Протопопов. – По 87-й статье.
Председатель. – Теперь относительно причин.
Протопопов. – Потому что были забастовки.
Родичев. – Известны ли были вам обстоятельства увольнения А.А. Хвостова?
Протопопов. – Нет, неизвестны.
Родичев. – Вступая на министерский пост по приглашению Штюрмера, вы не озаботились узнать, за что уволен А.А. Хвостов?
Протопопов. – С Хвостовым я виделся несколько раз.
Родичев. – Считали вы Штюрмера честным человеком?
Протопопов. – Я его не знал.
Родичев. – Когда вы перестали считать Штюрмера честным человеком?
Протопопов. – Я не могу сказать, разрешите мне несколько уклониться от этого ответа.
Родичев. – Вы выразились так, что «потом» перестали считать.
Протопопов. – Я не берусь его судить, я фактов никаких не имею.
Родичев. – Вы фактов никаких не знаете? А Манасевича-Мануйлова вы считали честным человеком?
Протопопов. – Определенным мерзавцем.
Родичев. – Вы знали о связи Манасевича-Мануйлова со Штюрмером?
Протопопов. – Определенно говорю – нет.
Родичев. – Позвольте спросить, когда вы узнали о связях Манасевича-Мануйлова со Штюрмером, вы не перестали считать Штюрмера честным человеком?
Протопопов. – Дело в том, что Штюрмер совершенно отрицает всякую связь.
Родичев. – Но ведь судебное разбирательство было и было прекращение дела Манасевича-Мануйлова.
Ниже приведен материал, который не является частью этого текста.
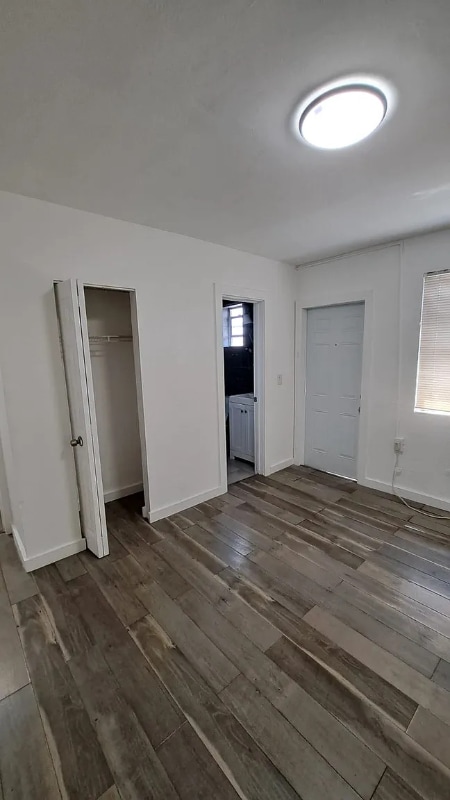 1703 Thomas St in Hollywood, FL - Building Photo - Building Photo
Вы знали об этом или нет?
Протопопов молчит, разводит руками.
Родичев. – Вы знали об уходе Макарова в отставку?
Протопопов. – Нет, я не знал; он ушел, когда я был болен.
Родичев. – А выздоровевши вы не узнали, что дело Манасевича-Мануйлова разбиралось. Вы узнали о нем? Вы и тут не перестали считать Штюрмера честным человеком?
Протопопов разводит руками.
Родичев. – Александра Федоровна и император тоже считали Штюрмера честным человеком?
Протопопов. – Они искренно считали, что это добрый старик.